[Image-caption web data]
^^^^^^^^
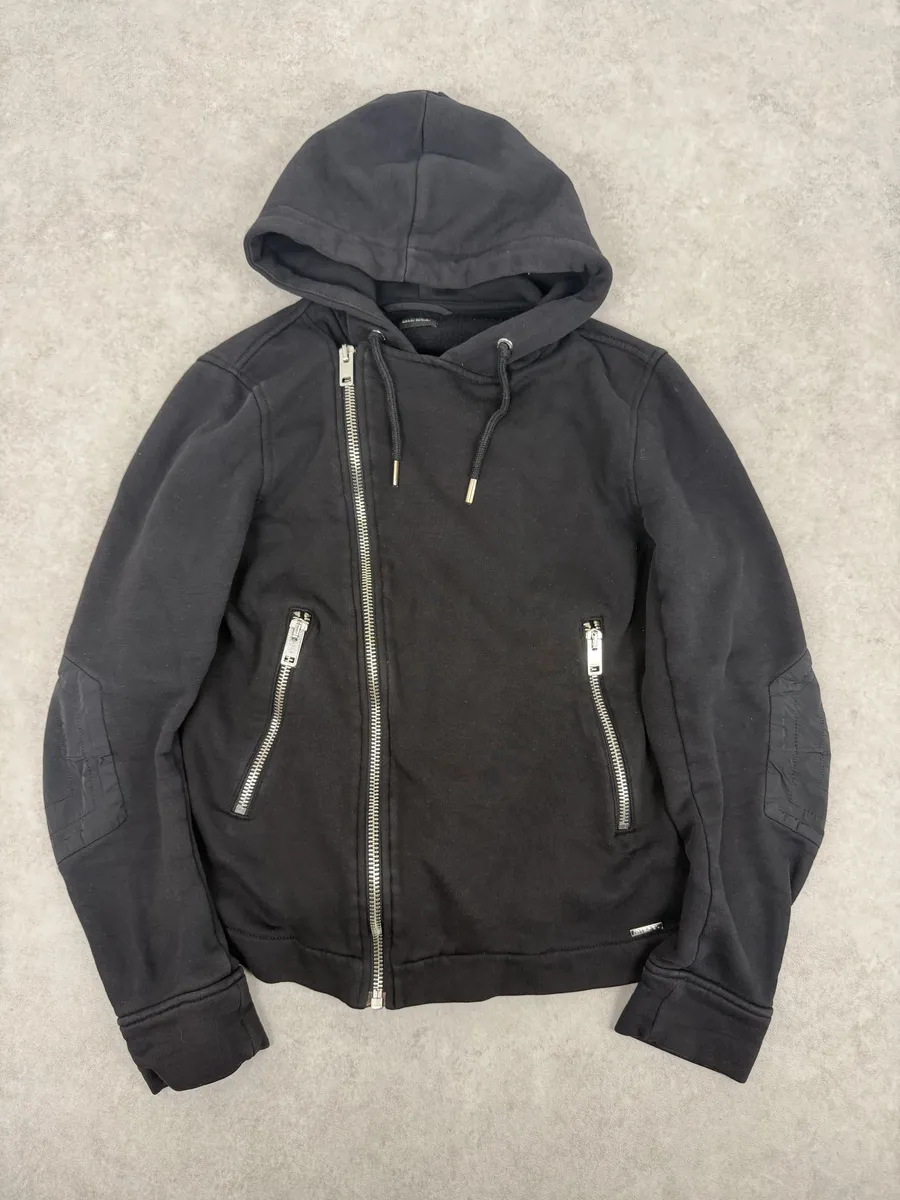 Diesel Black Asymmetrical Biker Zip-up Hoodie - Image 7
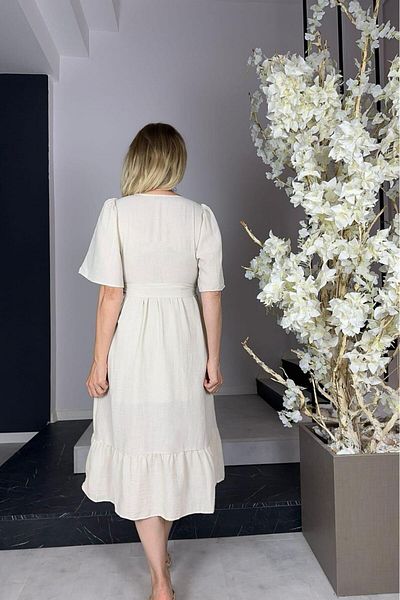 gesmoda Rochie de in bej - G1027 Detaliu dantela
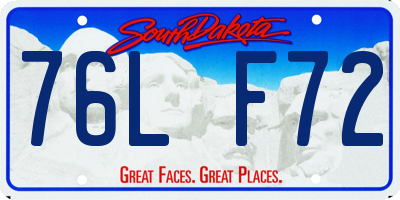SD license plate 76LF72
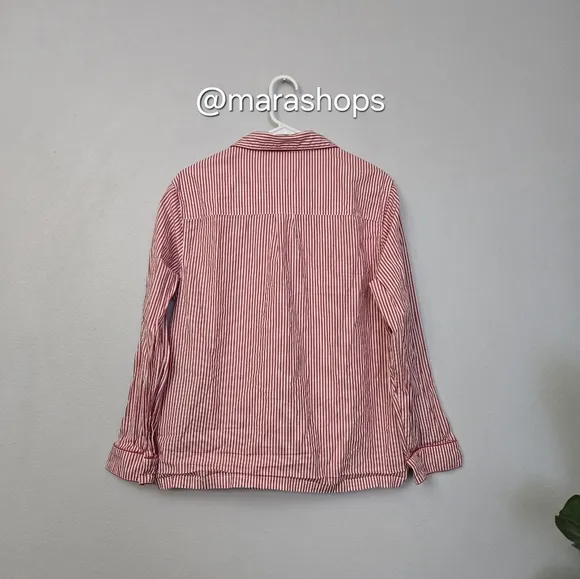 LAKE Pajamas Poplin Piped Shirt in Scarlet Red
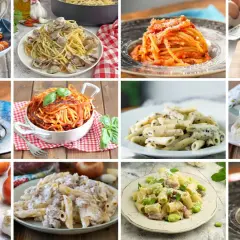 Collage di piatti di pasta asciutta: spaghetti alle vongole, penne alla crema, rigatoni al sugo e altre delizie.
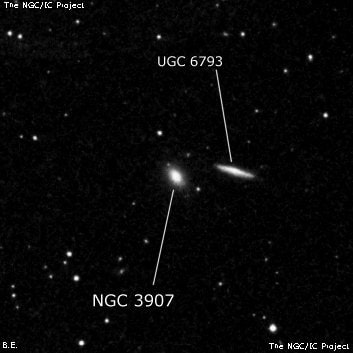 NGC 3907 - галактика. Описание NGC 3907:, Галактика в созвездии Дева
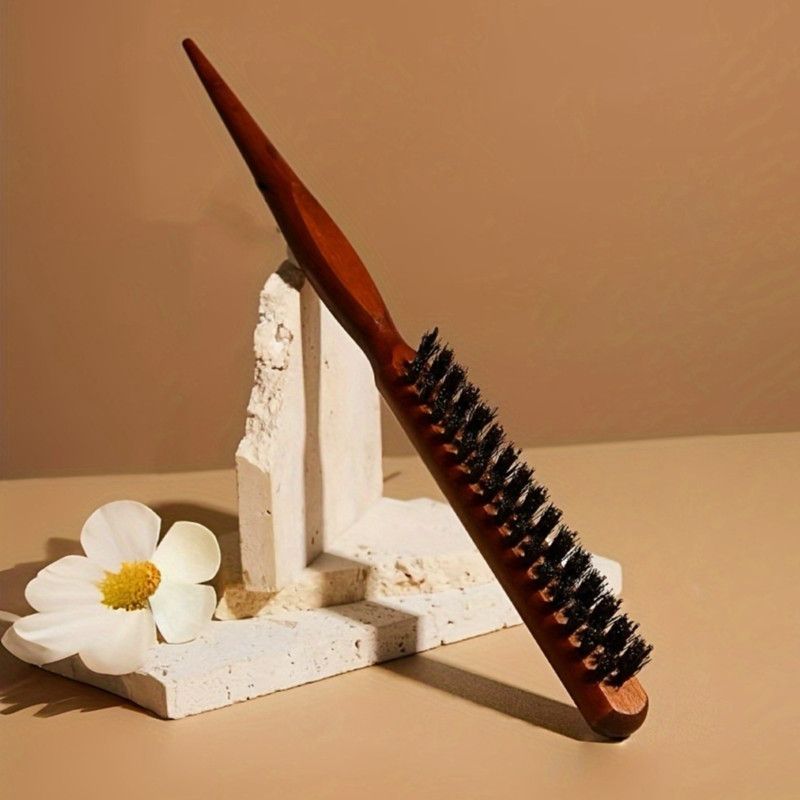 Wooden Tail Comb with Boar Bristle, 3 Rows Styling Brush for Updo & Curly Hair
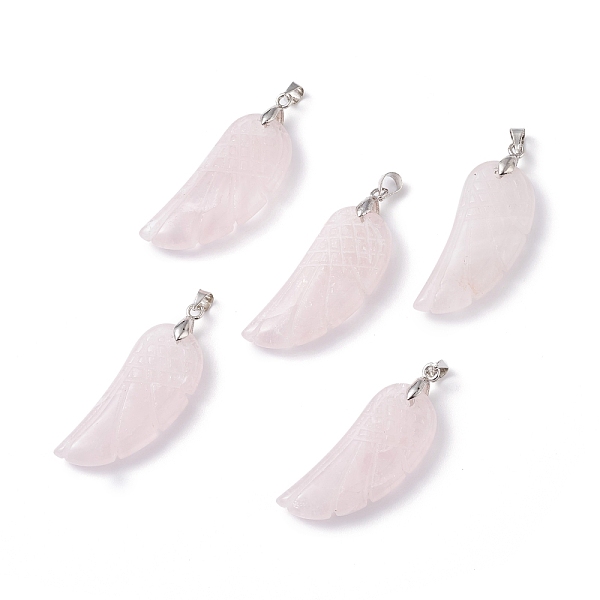 PandaHall Natural Rose Quartz Pendants, with Platinum Plated Brass Loops, Wing, 36x15~16.6x6.5~7.7mm, Hole: 5x4mm Rose Quartz Wing
PandaHall Natural Rose Quartz Pendants, with Platinum Plated Brass Loops, Wing, 36x15~16.6x6.5~7.7mm, Hole: 5x4mm Rose Quartz Wing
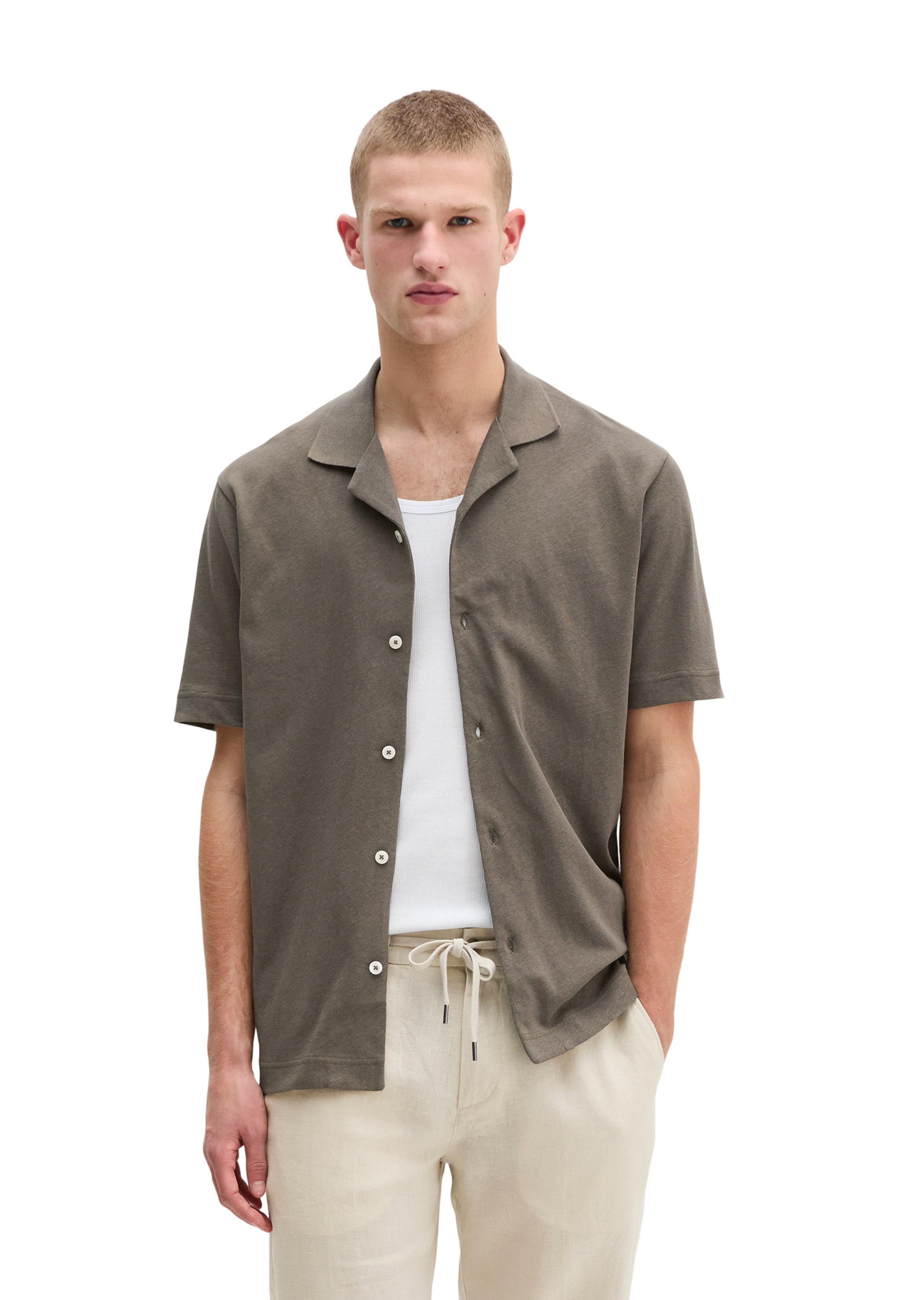 Marc O'Polo Regular fit Button Up Shirt in Brown: front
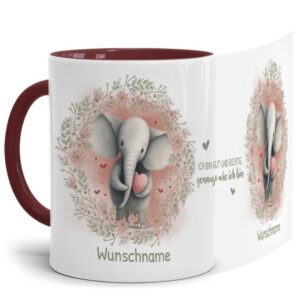 Unsere Tasse mit liebevoll gestaltetem und süßem Tiermotiv - Elefant -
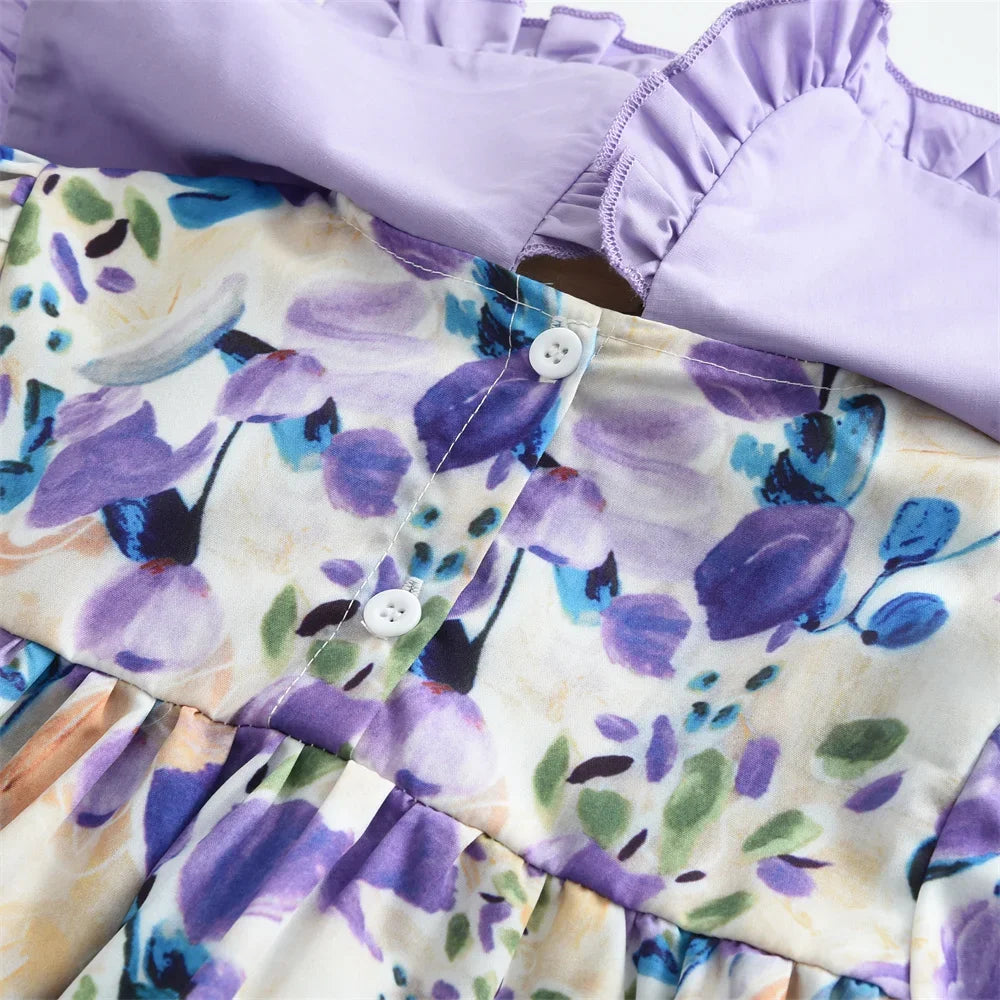 Girls Casual Dresses Purple Flower Print Lace Lapel Puff Sleeves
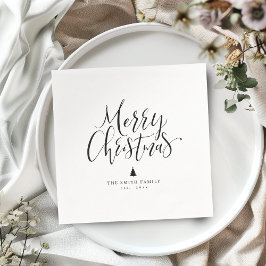 Guardanapo De Papel Natal Simples Preto e Branco em Caligrafia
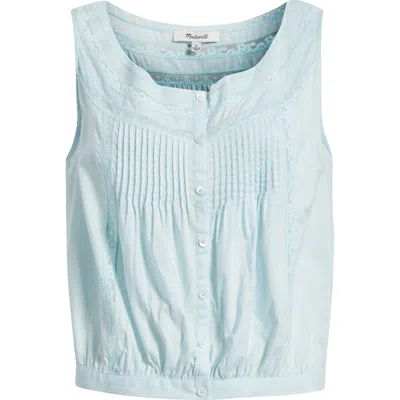 Madewell Lace-insert Pintuck Sleeveless Top In Blue
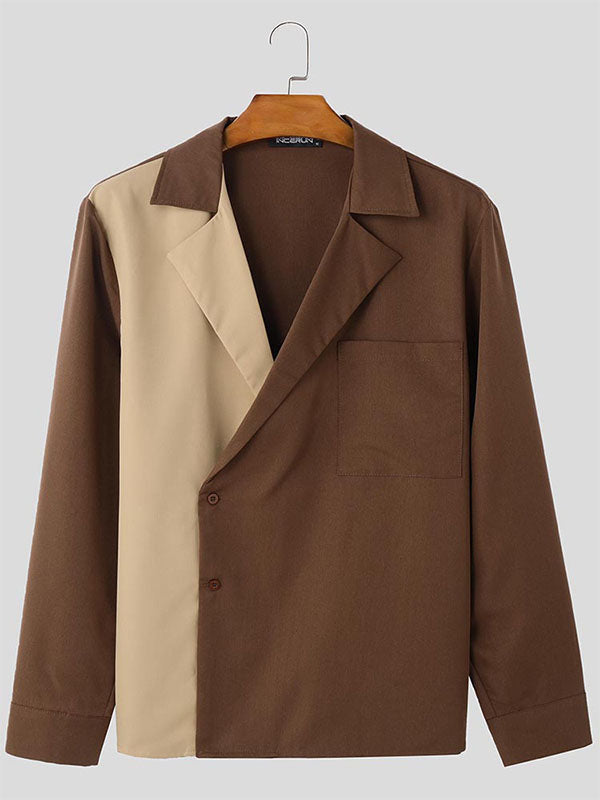 Mens Color-Block Patchwork Long Sleeve Shirt SKUK99735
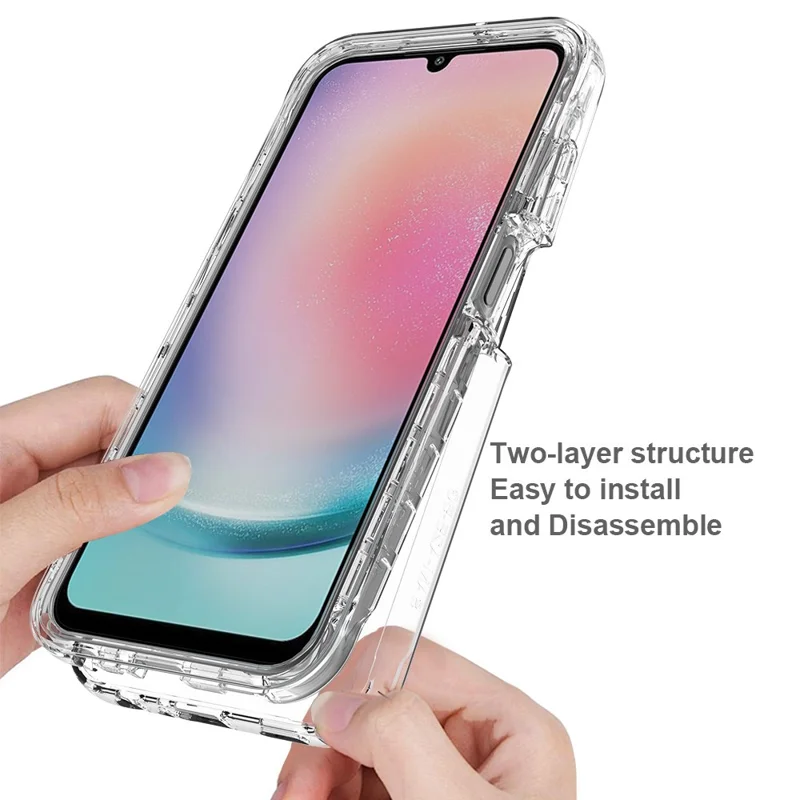 Para Samsung Galaxy A25 5G (Global) (161,0 x 76,5 x 8,3 mm) Funda PC+TPU Gradient Clear Phone Cover - Transparente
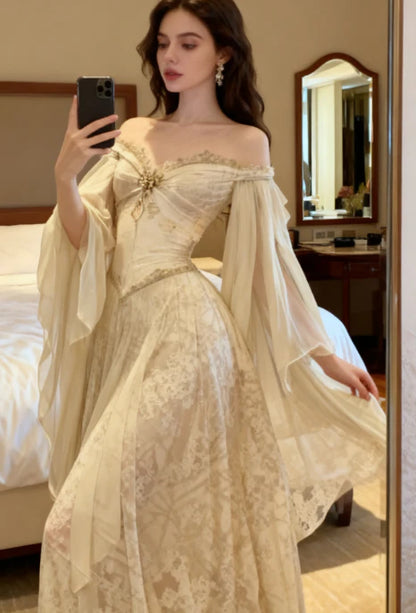 Ethereal Off Shoulder Chiffon Cape Sleeve Soft Champagne Lace A-Line Wedding Dress With Sweep Train AE077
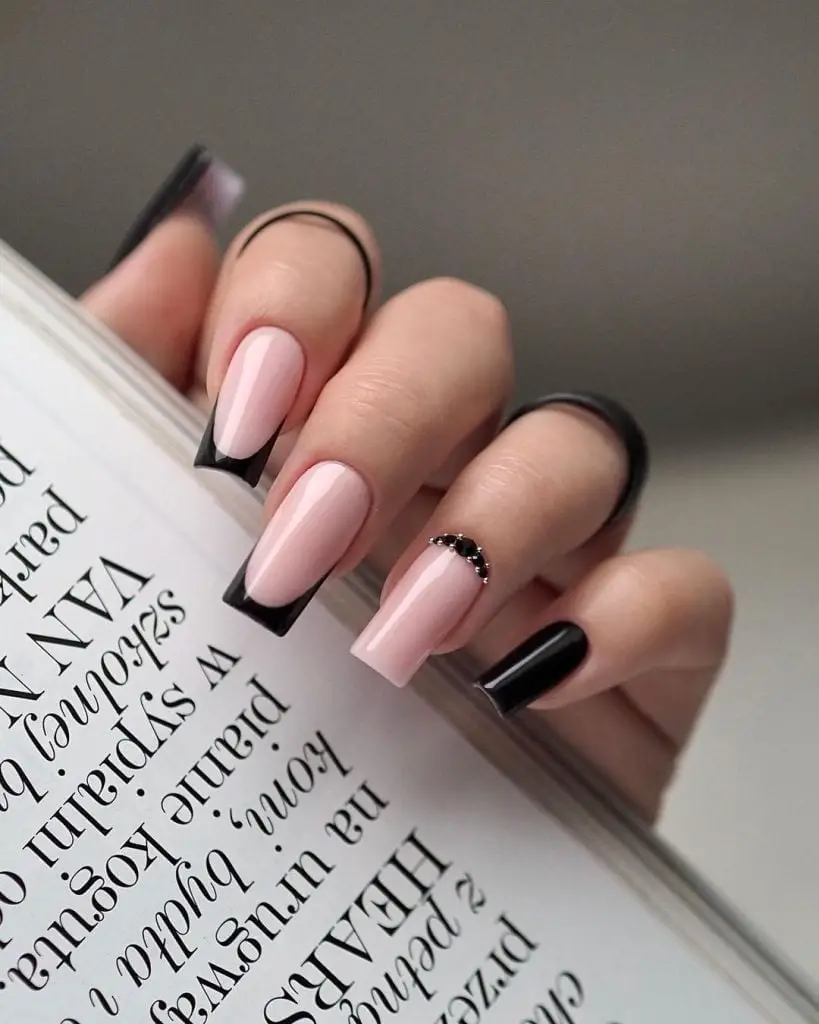 Pale Pink Black French Rhinestone Medium Square Coffin Nails Pale Pink Black French Rhinestone Medium Square Coffin Nails — Classy Concert Nails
^^^^^^^^
◆ **What to do**: With pictures omitted, restate word for word every line above from the one containing "Unsere Tasse mit" to the end of the entries.

◆ **Answer space**:
 Unsere Tasse mit liebevoll gestaltetem und süßem Tiermotiv - Elefant -
 Girls Casual Dresses Purple Flower Print Lace Lapel Puff Sleeves
 Guardanapo De Papel Natal Simples Preto e Branco em Caligrafia
 Madewell Lace-insert Pintuck Sleeveless Top In Blue
 Mens Color-Block Patchwork Long Sleeve Shirt SKUK99735
 Para Samsung Galaxy A25 5G (Global) (161,0 x 76,5 x 8,3 mm) Funda PC+TPU Gradient Clear Phone Cover - Transparente
 Ethereal Off Shoulder Chiffon Cape Sleeve Soft Champagne Lace A-Line Wedding Dress With Sweep Train AE077
 Pale Pink Black French Rhinestone Medium Square Coffin Nails Pale Pink Black French Rhinestone Medium Square Coffin Nails — Classy Concert Nails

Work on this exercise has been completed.